A schematic diagram is a graphical representation of interconnects of various electronic, electrical components of an equipment. The schematic is the first step in an electronic circuit design, because it displays and identifies the devices or components required that make up the equipment.
The schematic diagram shows various components by means of symbols which are so arranged that they show the working of the circuit in a appropriate way. The symbols of components are usually governed by various standards.
The components and connections in the PCB layout are derived from the circuit diagram, and physically place and routed by the designer to get the best results in terms of the board size and its manufacturing ability. The final physical form of the circuit and labeling details are finalized as the layout is completed which is defined by the PCB layout. The artwork process consists of routing for proper connections of signals.
The polyester film is used as a printing material for the PCB layout. The designed artwork is printed on the film. It is very important to use a film with appropriate thickness i.e. if a very thick film is used then it can lead to slight distortion in the layout to be printed.

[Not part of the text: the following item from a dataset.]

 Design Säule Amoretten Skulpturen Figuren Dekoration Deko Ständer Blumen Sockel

The printing device consists of laser printers, pen plotters, manual markers, inkjet printers. But Pen plotters and manual markers are not used now, as these were traditional methods, the biggest disadvantage of using pen plotters and manual markers is that they consume lot of time, which is improper and inappropriate for mass production in any industry. It may lead to drastic financial losses.

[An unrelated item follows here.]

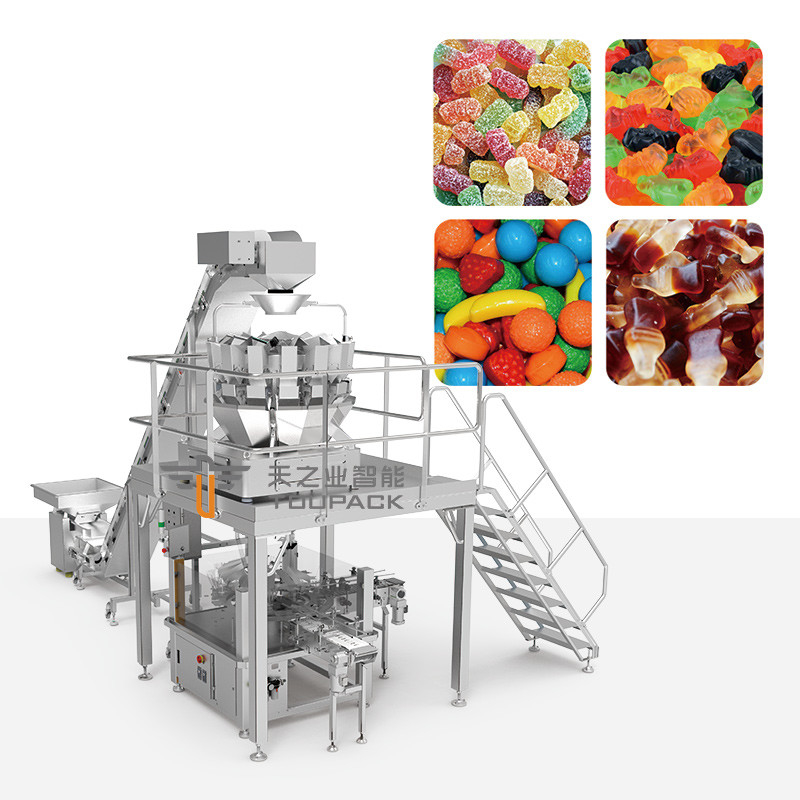 Machine de remplissage de bouteilles de bonbons en caoutchouc Popcorn Compteur de remplissage Boîtes d'emballage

Now, let’s get on with the traditional method of PCB design, one by one.
Smooth the edges of the copper clad using a sandpaper or carborundum which may be wrapped around a small piece of soft wood. The copper clad surface has to be cleaned using soft cleansers and scrubs in order for resist to adhere to it properly. After cleaning do not touch the copper surface with bare fingers.
Now, the clad is ready for receiving the design pattern. Before imprinting on the clad we need to print the pattern to a piece of plain paper. As we can see in the figure below that we get a printed layout on the paper. Even we can draw the layout using a marker on a piece of paper as shown below.

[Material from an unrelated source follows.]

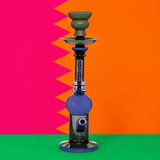 Shishaglass Shadow Shisha Pipe Vase 28cm | Shisha Glass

Now you can use this same sheet as a “carrier” for a small piece of the transfer film i.e. polyester film.
Cut out a piece of film that is slightly larger than the printed image layout. Need to press and lay this down carefully over the printed page with the dull (emulsion) side facing up. Without bare fingers press the film down gently with a clean sheet of paper for a good adhesion.
Now be ready to print for real. Load the sheet into the printer paper and print it. If everything is right, we have a toner transfer. Gently lift the transfer off the carrier sheet and carefully peel away the tape.
Next step is ironing so use a wooden board which sets a hard base below the clad. Set the temperature control of the iron. Use a piece of plain paper between the toner transfer and the iron it for reducing the friction of the clad. Slowly, back and forth, and it doesn’t take much pressure. Small boards don’t usually need more than 90 seconds.
Quench the board under cold running water to bring it back to room temperature, and peel the film away gently. If pattern didn’t come out well then we need to remove the pattern by rubbing with a acetone and do the transfer again. As shown in figure we get the printed copper clad.
Replace any missing toner on the board with ink from a permanent black marker. Now we need the ink to dry for a few hours.
Once you have the pattern defined on copper, the board is ready to etch. Lay the board in the tray and pour in enough Ferric Chloride to just cover it. Slightly shake the tank after few minutes, and pull out the board periodically to check the etching progress.
When the board is fully etched, rinse it thoroughly in running cold water. Strip the resist with acetone. The board is ready to drill.